I don't think I agree with this. Couldn't you take that argument further and claim that if I undergo some sort of rigorous self-improvement program in order to better achieve my goals in life, that that must mean I now have different values? In fact, you could easily say that I am behaving pointlessly because I'm not achieving my values better, I'm just changing them? It seems likely that most of the things that you are describing as values aren't really values, they're behaviors. I'd regard values as more "the direction in which you want to steer the world," both in terms of your external environment and your emotional states. Behaviors are things you do, but they aren't necessarily what you really prefer.
I agree that a more precise and articulate definition of these terms might be needed to create a FAI, especially if human preferences are part of a network of some sort as you claim, but I do think that they cleave reality at the joints.

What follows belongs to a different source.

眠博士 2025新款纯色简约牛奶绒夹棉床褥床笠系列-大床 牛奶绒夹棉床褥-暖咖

I can't really see how you can attack CEV by this route without also attacking any attempt at self-improvement by a person.
The fact that these values seem to change or weaken as people become wealthier and better educated indicates that they probably are poorly extrapolated values. Most of these people don't really want to do these things, they just think they do because they lack the cognitive ability to see it. This is emphasized by the fact that these people, when called out on their behavior, often make up some consequentialist justification for it (if I don't do it God will send an earthquake!)

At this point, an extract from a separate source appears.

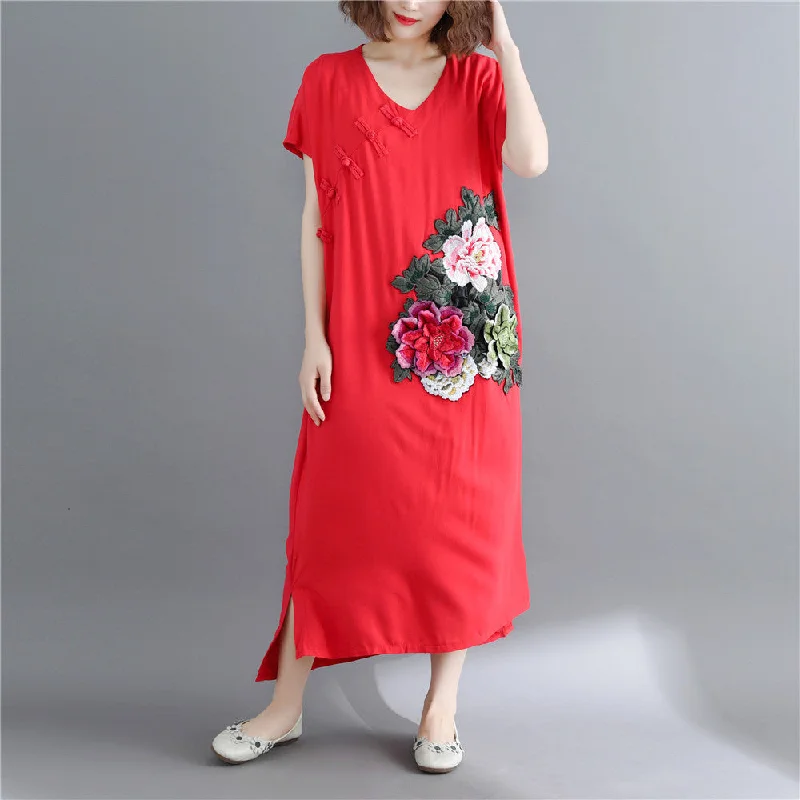 Fine red cotton linen maxi dress casual short sleeve Embroidery cotton dresses fine v neck traveling clothing Fine red cotton linen maxi dress casual short sleeve Embroidery cotton dresses fine v neck traveling clothing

I'll use an example from my own personal experience to illustrate this, when I was little (around 2-5) I thought horror movies were evil because they scared me. I didn't want to watch horror movies or even be in the same room with a horror movie poster. I thought people should be punished for making such scary things. Then I got older and learned about freedom of speech and realized that I had no right to arrest people just because they scare me.
Then I got even older and started reading movie reviews. I became a film connoisseur and became sick of hearing about incredible classic horror movies, but not being able to watch them because they scared me. I forced myself to sit through Halloween, A Nightmare on Elm Street, and The Grudge, and soon I was able to enjoy horror movies like a normal person.
Not watching horror movies and punishing the people who made them were the preferences of young me. But my CEV turned out to be "Watch horror movies and reward the people who create them." I don't think this was random value drift, I think that I always had the potential to love horror movies and would have loved them sooner if I'd had the guts to sit down and watch them. The younger me didn't have different terminal values, his values were just poorly extrapolated.
I think most of the types of people you mention would be the same if they could pierce through their cloud of self-deception. I think their values are wrong and that they themselves would recognize this if they weren't irrational. I think a CEV would extrapolate this.
But even if I'm wrong, if there's a Least Convenient Possible world where there are otherwise normal humans who have "kill all gays" irreversibly and directly programmed into their utility function, I don't think a CEV of human morality would take that into account. I tend to think that, from an ethical standpoint, malicious preferences (that is, preferences where frustrating someone else's desires is an end in itself, rather than a byproduct of competing for limited resources) deserve zero respect. I think that if a CEV took properly extrapolated human ethics it would realize this. It might not hurt to be extra careful about that when programming a CEV, however.
I'm glad you pointed this out - I don't think this view is common enough around here.